Objectives To investigate the near-wall rotating cylindrical wake and hydrodynamic characteristics, flow around cylinder at typical gap ratios is investigated.

Methods A numerical simulation of flow around a near-wall rotating cylinder with different gap ratios (G/D = 0.2, 0.8, 1.4) and rotation rates at Reynolds numberRe = 200 was carried out to compare the cylindrical wake and hydrodynamic characteristics at different gap ratios and rotation rates.

Results The results show that: For G/D = 0.2, the cylindrical vortex shedding is significantly suppressed and the lift and drag force on the cylindrical surface remain steady.

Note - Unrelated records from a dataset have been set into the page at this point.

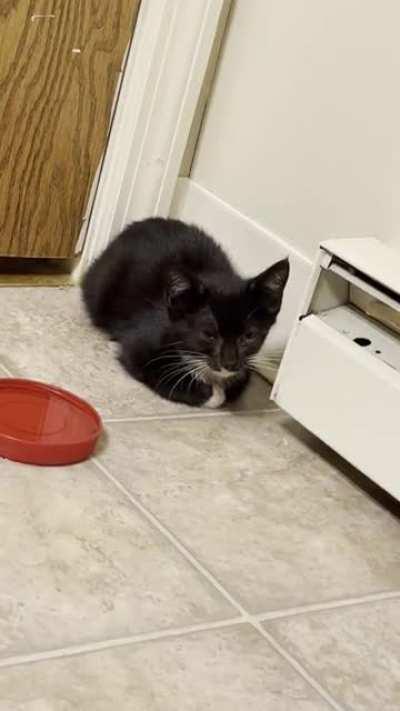 Trying to take care of this little stray kitten. Does anyone know why she’s making this noise? Any advice is helpful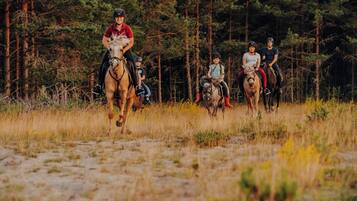 Un grupo de personas montando a caballo en un área boscosa.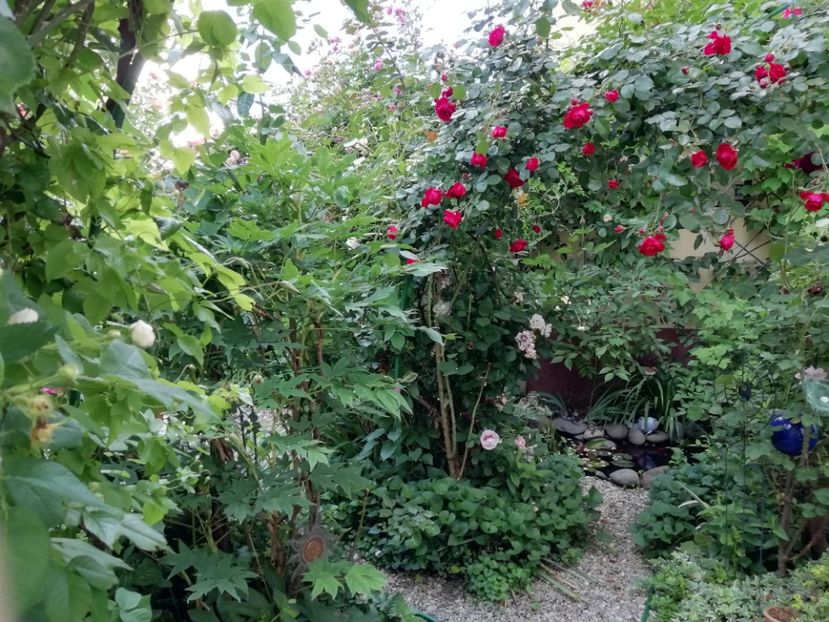  - Gradina 2019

For G/D = 0.8 and G/D = 1.4, at low rotation rates, the "wake vortex" is shed and is similar to the 2S pattern, with sinusoidal periodic fluctuations in the lift and drag coefficients and small amplitude; at higher positive rotation rates, the cylindrical wake pattern is the stable D pattern with no vortex shedding (changing from D⁺ to D⁻ pattern as the rotation rate increases), the "wake vortex layer" is separated from the "wall vortex layer", the "wall vortex" is shed multi-periodically, the lift and drag coefficients are fluctuating multi-periodically and the amplitude is increasing significantly; at higher reverse rotation rates, the cylindrical surface is wrapped by a positive boundary layer, with no vortex shedding and no fluctuations in lift and drag.

Conclusions The results can provide a reference for the development of high efficient flow control technology.